Despite the drop in the number of LUKOIL filling stations in Turkey, however, the average daily fuel sales at each of the Company's gasoline filling stations in 2011 reached 1,630 tons of diesel fuel and 158 tons of gasoline (1,788 tons in total). Sales forecasts for 2013 stand at 1,684 tons of diesel fuel and 136 tons of gasoline, totaling 1,820 tons of motor fuel a day.

LUKOIL Eurasia Petrol achieved sustainable success during the global economic crisis thanks to a series of programs recently implemented by LUKOIL.

First, in order to improve the quality of client service at filling stations, 5,000 personnel underwent special professional training. Second, the operating processes at the filling stations were optimized (online systems being used to monitor sales, fuel levels in tanks and so on). Third, LUKOIL Eurasia Petrol and JSC LUKOIL-Inter-Card together presented, in 2010 in Turkey, the first LUKOIL overseas loyalty program for filling stations customers. For LUKOIL, Turkey is one of the priority regions for development of the fuel retail business, which is why it was so important to launch implementation of the first overseas customer incentive program precisely here. As a consequence, the commercial results and the experience gained during loyalty program implementation will be of fundamental significance for all LUKOIL subsidiaries operating on the fuel retail markets of Europe, Asia and America.

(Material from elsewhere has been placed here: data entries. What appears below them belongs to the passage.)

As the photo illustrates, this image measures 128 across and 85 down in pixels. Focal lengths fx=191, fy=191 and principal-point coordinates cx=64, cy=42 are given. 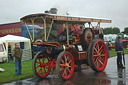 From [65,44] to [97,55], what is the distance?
5.14ft

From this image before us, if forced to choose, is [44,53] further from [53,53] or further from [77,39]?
[77,39]

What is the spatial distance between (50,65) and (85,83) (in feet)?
5.98

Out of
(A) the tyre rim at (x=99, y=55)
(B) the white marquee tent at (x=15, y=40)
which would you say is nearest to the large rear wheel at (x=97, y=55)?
(A) the tyre rim at (x=99, y=55)

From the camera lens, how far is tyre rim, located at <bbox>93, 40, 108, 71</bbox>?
819 cm

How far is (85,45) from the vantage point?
8.23 metres

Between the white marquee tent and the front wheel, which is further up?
the white marquee tent

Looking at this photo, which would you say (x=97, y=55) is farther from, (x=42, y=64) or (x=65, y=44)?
(x=42, y=64)

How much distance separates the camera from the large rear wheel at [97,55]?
7.73m

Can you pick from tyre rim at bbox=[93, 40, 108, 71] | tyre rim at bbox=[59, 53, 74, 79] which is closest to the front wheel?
tyre rim at bbox=[59, 53, 74, 79]

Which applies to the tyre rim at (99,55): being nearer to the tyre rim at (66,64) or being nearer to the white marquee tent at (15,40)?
the tyre rim at (66,64)

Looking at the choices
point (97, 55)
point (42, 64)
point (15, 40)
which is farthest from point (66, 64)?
point (15, 40)

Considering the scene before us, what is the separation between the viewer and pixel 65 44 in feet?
25.0

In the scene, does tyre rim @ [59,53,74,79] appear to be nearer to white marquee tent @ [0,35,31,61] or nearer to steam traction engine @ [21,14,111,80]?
steam traction engine @ [21,14,111,80]

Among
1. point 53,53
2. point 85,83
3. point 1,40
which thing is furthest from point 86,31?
point 1,40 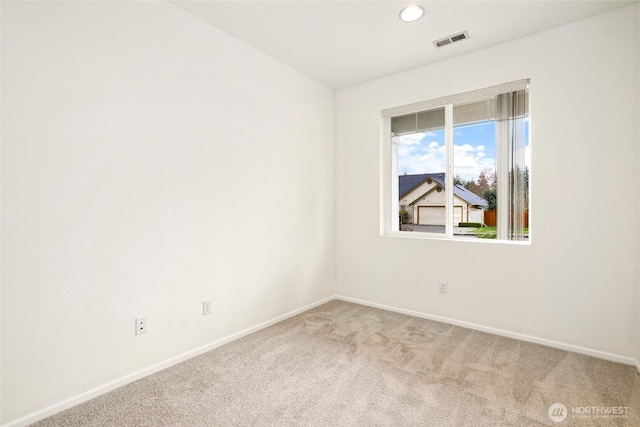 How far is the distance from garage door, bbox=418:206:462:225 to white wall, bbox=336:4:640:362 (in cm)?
27

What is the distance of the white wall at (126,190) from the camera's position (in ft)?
5.54

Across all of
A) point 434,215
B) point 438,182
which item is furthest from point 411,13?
point 434,215

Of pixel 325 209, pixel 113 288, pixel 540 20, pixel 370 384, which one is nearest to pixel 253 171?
pixel 325 209

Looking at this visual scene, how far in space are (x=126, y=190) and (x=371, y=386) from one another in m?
2.03

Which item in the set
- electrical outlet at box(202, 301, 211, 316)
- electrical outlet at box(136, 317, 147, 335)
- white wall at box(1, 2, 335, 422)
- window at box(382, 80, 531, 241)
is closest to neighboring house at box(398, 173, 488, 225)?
window at box(382, 80, 531, 241)

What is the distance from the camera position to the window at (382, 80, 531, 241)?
114 inches

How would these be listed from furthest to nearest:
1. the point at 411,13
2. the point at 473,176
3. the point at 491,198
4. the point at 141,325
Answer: the point at 473,176 < the point at 491,198 < the point at 411,13 < the point at 141,325

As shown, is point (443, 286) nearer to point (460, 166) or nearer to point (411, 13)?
point (460, 166)

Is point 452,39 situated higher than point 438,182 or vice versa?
point 452,39

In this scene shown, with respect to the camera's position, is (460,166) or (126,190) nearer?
(126,190)

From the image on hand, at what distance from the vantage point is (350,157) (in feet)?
12.7

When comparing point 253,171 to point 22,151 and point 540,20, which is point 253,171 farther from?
point 540,20

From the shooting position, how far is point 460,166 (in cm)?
324

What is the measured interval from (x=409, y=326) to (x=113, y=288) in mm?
2490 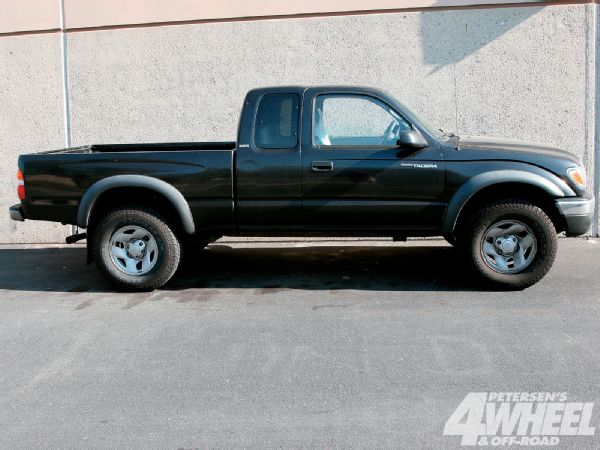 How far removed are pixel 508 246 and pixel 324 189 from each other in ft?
5.74

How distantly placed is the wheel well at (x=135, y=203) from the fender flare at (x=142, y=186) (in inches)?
5.2

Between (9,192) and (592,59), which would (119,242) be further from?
(592,59)

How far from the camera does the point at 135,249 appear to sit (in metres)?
6.98

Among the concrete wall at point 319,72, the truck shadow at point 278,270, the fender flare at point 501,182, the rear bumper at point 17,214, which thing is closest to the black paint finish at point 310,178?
the fender flare at point 501,182

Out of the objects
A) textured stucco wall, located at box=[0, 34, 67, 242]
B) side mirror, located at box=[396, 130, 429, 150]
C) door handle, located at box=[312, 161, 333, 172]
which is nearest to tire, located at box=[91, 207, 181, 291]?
door handle, located at box=[312, 161, 333, 172]

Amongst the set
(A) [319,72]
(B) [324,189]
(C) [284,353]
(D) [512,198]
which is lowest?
(C) [284,353]

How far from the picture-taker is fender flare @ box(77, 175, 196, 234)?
22.3 feet

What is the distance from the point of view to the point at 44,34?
9852mm

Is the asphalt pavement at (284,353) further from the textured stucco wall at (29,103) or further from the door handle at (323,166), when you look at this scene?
the textured stucco wall at (29,103)

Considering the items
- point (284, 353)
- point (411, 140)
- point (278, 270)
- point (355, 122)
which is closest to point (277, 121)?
point (355, 122)

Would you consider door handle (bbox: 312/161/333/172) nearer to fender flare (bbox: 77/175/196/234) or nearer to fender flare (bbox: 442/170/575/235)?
fender flare (bbox: 442/170/575/235)

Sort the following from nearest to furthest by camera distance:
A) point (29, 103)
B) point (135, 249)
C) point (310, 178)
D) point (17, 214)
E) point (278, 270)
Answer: point (310, 178), point (135, 249), point (17, 214), point (278, 270), point (29, 103)

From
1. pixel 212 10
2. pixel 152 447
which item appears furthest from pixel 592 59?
pixel 152 447

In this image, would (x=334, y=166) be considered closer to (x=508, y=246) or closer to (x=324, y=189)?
(x=324, y=189) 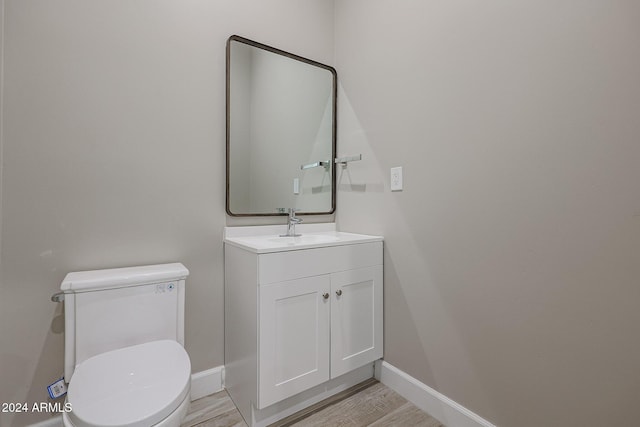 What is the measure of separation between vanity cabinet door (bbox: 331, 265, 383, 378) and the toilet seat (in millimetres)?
734

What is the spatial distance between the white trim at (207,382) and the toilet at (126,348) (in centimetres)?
37

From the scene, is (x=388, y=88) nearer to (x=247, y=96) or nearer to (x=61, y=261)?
(x=247, y=96)

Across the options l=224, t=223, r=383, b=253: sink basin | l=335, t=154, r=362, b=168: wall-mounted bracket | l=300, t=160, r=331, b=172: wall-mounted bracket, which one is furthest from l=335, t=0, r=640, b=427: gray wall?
l=300, t=160, r=331, b=172: wall-mounted bracket

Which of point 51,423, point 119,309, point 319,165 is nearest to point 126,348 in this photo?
point 119,309

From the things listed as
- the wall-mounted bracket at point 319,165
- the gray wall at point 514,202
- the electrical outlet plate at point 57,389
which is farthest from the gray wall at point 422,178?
the wall-mounted bracket at point 319,165

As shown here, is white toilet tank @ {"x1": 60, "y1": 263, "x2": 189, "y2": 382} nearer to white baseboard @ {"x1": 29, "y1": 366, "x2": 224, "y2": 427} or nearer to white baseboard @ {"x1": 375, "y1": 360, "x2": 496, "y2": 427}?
white baseboard @ {"x1": 29, "y1": 366, "x2": 224, "y2": 427}

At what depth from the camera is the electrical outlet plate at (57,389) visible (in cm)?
121

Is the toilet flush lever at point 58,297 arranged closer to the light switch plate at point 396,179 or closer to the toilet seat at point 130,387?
the toilet seat at point 130,387

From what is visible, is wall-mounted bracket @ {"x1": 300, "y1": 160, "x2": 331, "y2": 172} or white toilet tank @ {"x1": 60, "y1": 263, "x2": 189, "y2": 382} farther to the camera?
wall-mounted bracket @ {"x1": 300, "y1": 160, "x2": 331, "y2": 172}

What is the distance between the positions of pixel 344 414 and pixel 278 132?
1602mm

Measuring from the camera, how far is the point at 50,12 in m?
1.29

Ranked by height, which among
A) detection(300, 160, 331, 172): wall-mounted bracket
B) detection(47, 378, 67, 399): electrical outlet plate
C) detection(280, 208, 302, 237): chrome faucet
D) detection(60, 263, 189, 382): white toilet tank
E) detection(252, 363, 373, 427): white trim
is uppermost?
detection(300, 160, 331, 172): wall-mounted bracket

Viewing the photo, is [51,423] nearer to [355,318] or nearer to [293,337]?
[293,337]

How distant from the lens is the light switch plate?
5.43 feet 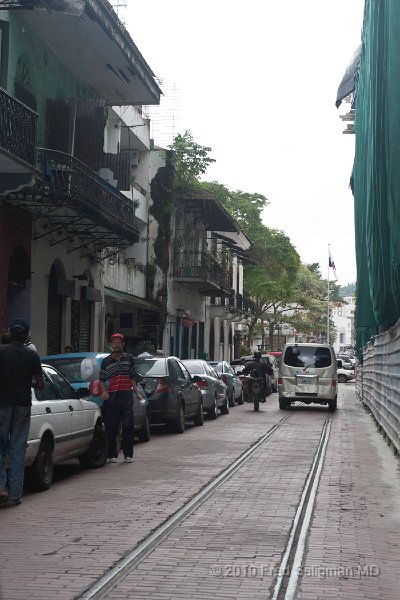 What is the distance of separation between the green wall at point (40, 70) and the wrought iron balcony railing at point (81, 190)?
1.54m

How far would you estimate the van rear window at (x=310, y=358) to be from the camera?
96.9 ft

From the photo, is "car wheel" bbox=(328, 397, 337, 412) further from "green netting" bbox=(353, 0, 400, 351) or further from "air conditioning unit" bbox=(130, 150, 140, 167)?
"air conditioning unit" bbox=(130, 150, 140, 167)

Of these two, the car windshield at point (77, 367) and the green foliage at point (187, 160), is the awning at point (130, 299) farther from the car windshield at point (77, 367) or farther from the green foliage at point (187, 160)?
the car windshield at point (77, 367)

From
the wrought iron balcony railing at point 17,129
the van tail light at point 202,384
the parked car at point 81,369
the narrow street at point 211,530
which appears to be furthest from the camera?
the van tail light at point 202,384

Within the scope of the program, loyalty cards are distributed for LUKOIL filling station customers in Turkey, gift cards are introduced, launching of other types of cards is planned, and price cut campaigns are conducted that increase the popularity of the program and attract new customers to LUKOIL filling stations.

The broad scale introduction of the customer loyalty program promises to increase the volume of sales at Turkish LUKOIL filling stations of gasoline, diesel fuel and motor oils, the prices of which are very dynamic in Turkey, and, as a consequence, to bring the Company substantial economic benefits.

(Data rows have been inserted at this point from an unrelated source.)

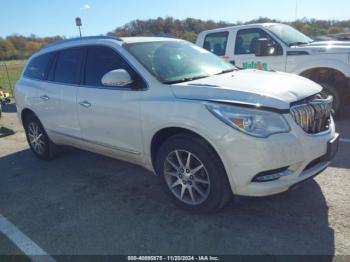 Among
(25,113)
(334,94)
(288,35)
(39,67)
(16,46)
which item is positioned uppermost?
(288,35)

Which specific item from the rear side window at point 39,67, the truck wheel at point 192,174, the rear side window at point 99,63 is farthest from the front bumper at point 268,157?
the rear side window at point 39,67

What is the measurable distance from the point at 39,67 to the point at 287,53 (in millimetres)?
4774

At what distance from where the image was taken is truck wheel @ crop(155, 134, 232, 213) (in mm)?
3102

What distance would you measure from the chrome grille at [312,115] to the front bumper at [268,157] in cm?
8

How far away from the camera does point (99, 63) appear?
423 centimetres

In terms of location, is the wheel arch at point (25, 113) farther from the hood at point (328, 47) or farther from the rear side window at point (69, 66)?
the hood at point (328, 47)

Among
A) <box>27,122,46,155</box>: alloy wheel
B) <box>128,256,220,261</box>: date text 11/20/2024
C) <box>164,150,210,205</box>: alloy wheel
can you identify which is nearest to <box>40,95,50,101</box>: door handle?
<box>27,122,46,155</box>: alloy wheel

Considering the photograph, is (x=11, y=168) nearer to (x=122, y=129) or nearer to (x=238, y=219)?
(x=122, y=129)

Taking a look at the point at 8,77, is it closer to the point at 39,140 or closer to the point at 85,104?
the point at 39,140

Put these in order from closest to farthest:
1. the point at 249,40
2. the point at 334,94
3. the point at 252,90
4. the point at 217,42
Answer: the point at 252,90, the point at 334,94, the point at 249,40, the point at 217,42

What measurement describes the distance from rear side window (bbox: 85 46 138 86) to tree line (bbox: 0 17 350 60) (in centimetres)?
74

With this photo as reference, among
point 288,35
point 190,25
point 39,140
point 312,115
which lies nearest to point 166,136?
point 312,115

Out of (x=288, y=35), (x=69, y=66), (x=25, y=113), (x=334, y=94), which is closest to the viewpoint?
(x=69, y=66)

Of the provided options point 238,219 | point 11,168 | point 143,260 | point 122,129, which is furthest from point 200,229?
point 11,168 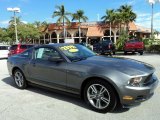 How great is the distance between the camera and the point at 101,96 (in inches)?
216

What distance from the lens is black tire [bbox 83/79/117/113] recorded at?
17.3 ft

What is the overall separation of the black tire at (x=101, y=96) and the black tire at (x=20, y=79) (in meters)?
2.69

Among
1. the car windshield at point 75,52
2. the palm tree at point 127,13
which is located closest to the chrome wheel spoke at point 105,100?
the car windshield at point 75,52

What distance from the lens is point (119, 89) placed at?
509 centimetres

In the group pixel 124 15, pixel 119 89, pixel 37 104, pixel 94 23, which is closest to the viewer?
pixel 119 89

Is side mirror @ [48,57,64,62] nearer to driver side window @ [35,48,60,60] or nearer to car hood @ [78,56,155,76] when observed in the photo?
driver side window @ [35,48,60,60]

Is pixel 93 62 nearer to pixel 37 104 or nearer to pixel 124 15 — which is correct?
pixel 37 104

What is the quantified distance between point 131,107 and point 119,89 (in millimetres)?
629

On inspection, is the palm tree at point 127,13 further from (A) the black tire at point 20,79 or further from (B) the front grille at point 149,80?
(B) the front grille at point 149,80

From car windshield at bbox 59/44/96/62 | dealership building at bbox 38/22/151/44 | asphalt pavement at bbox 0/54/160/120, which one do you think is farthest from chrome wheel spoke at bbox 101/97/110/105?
dealership building at bbox 38/22/151/44

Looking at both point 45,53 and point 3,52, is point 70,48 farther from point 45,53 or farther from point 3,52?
point 3,52

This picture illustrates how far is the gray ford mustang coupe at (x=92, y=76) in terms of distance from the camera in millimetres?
5109

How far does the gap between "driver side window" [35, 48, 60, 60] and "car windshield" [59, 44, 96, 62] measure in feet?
0.71

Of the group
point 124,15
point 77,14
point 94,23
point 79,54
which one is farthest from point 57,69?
point 94,23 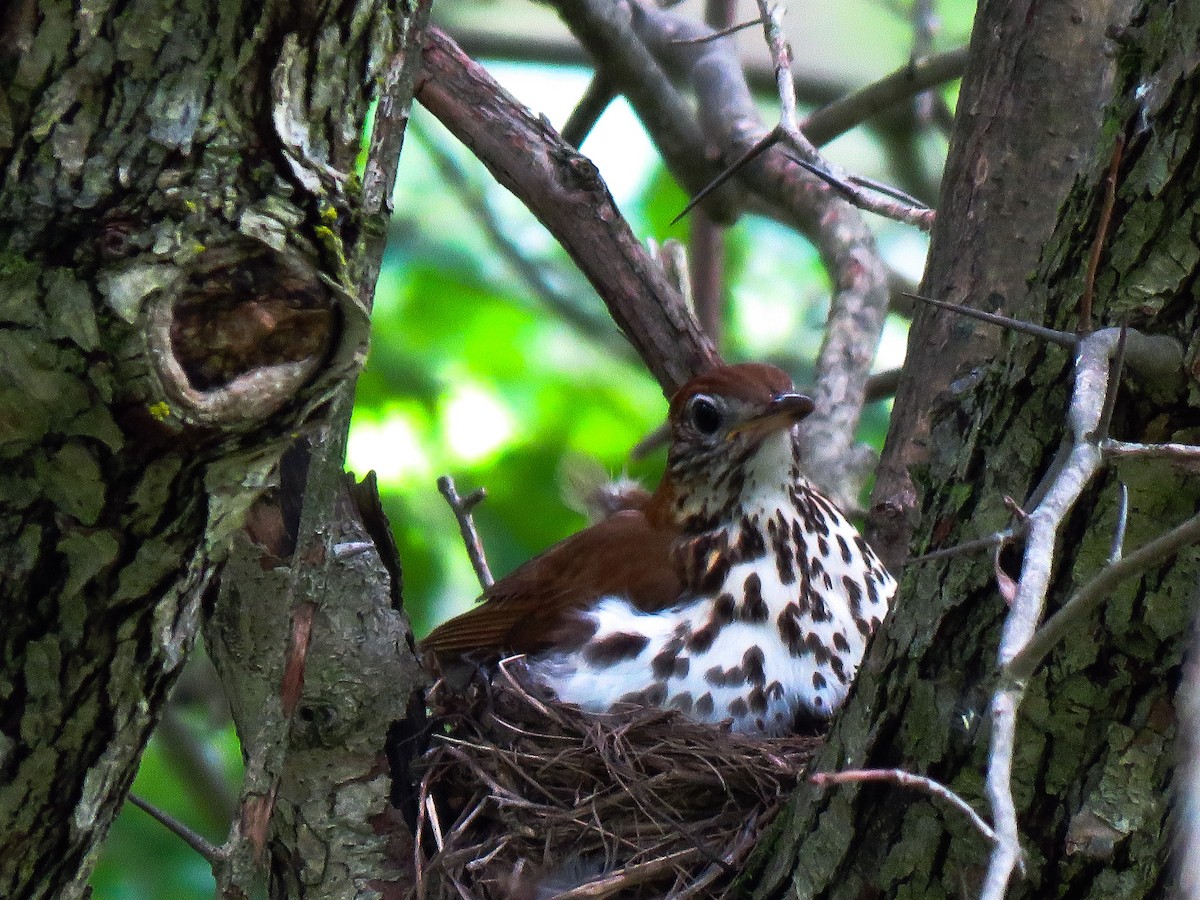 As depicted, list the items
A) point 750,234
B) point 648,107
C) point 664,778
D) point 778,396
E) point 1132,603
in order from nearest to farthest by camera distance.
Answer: point 1132,603 → point 664,778 → point 778,396 → point 648,107 → point 750,234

Achievement of the cost-effective operation of JSC LUKOIL subsidiaries in Turkey is also promoted by supplies of LUKOIL petroleum products to the Turkish fuel market. These are delivered to the Turkish ports of Izmit, Samsun, Nora, Hatay, and Mersin from LUKOIL refineries in Volgograd, Odessa, Burgas and Sicily. The choice of refinery and the petroleum product delivery schedule are determined by economic feasibility, optimal logistics and other factors. Considering that, at the beginning of 2011, Turkey adopted European motor fuel standards, high quality gasoline and diesel fuel are supplied to the Turkish domestic market.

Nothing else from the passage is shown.